Regional Distribution of the Sample
All Yemeni governorates except Al-Dhale', Al-Mahrah, and Sa'ada were covered by the survey. Both Al-Dhale' and Sa'ada were excluded from the sample due to security reasons. Al-Mahrah was excluded because it is remote and its population represents only 0.46 percent of Yemen's overall population. Survey interviews were allocated proportionally to the size of the population in each governorate. However, certain governorates that have a low population were oversampled and regional weights were subsequently applied to bring back the sample in line with population parameters. Figure 1 shows the breakdown of respondents by governorate.
Age Distribution of Female and Male Respondents
In addition to the introduction of regional weights (by governorate), weights were also applied to bring the age distribution of the female and male samples in line with the age profile of the Yemeni population. Figure 3 shows the unweighted age distribution of respondents by gender and Figure 4 shows the weighted age distribution by gender.

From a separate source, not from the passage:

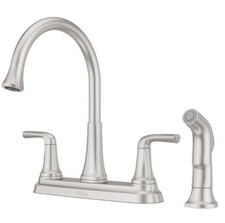 Pfister Ladera 2-Handle Kitchen Faucet - Spot Defense Stainless Steel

Education Levels by Gender
Figure 5 shows education levels by gender. As seen below, the incidence of illiteracy is much higher among Yemeni women (56%) than men (18%).
Marital Status by Gender
Figure 6 shows the marital status of surveyed women and Figure 7 shows the marital status of surveyed men. Interestingly, many more women (14%) than men (2%) in the sample are formerly married. Indeed, 3% of women are divorced and 11% are widowed. Two-thirds of men and women are married. One-third of men are single compared with 20% of women. Six percent of married women and 4% of married men are in polygynous unions.
Figure 8 shows respondents’ average number of children. The average number of children for currently/formerly married women is 4.13 and the average number of children for currently/formerly married men is 4.21. The higher average for married men may be a reflection of the phenomenon of polygamy in Yemen. The average number of children when divided by the total sample size is 3.2.
Household Income Levels
Each SWMENA respondent was asked to identify the income range that most closely reflects their household’s monthly income. Figure 9 shows the income profile of respondents. The data shows that 19% of respondents live in households that earn less than 20,000 Yemeni Riyals (YER) per month (USD 94), 27% are in the YER 20,000- 39,000 income range (USD 94 - 183). Twenty percent of households are in the YER 40,000-59,000 income range (USD 188 – 277) and 14% are in the YER 60,000 – 99,000 income range (USD 282 – 465). No more than 9% of respondents live in households that earn more than YER 100,000 (USD 470) per month.
Employment by Gender
Figure 10 shows data on employment by gender. There is a large gender discrepancy as measured by those who report working for pay and those who do not. Yemeni men are almost nine times as likely as women to be working for pay (62% versus 7%).
Figure 11 shows respondents’ monthly earning levels from all paid work by gender. Working women in Yemen earn less than working men. Forty-three percent of working women compared to only 14% of working men earn less than YER 20,000 per month. Men are more than three times as likely as women to earn YER 60,000 or more per month (16% and 5%, respectively).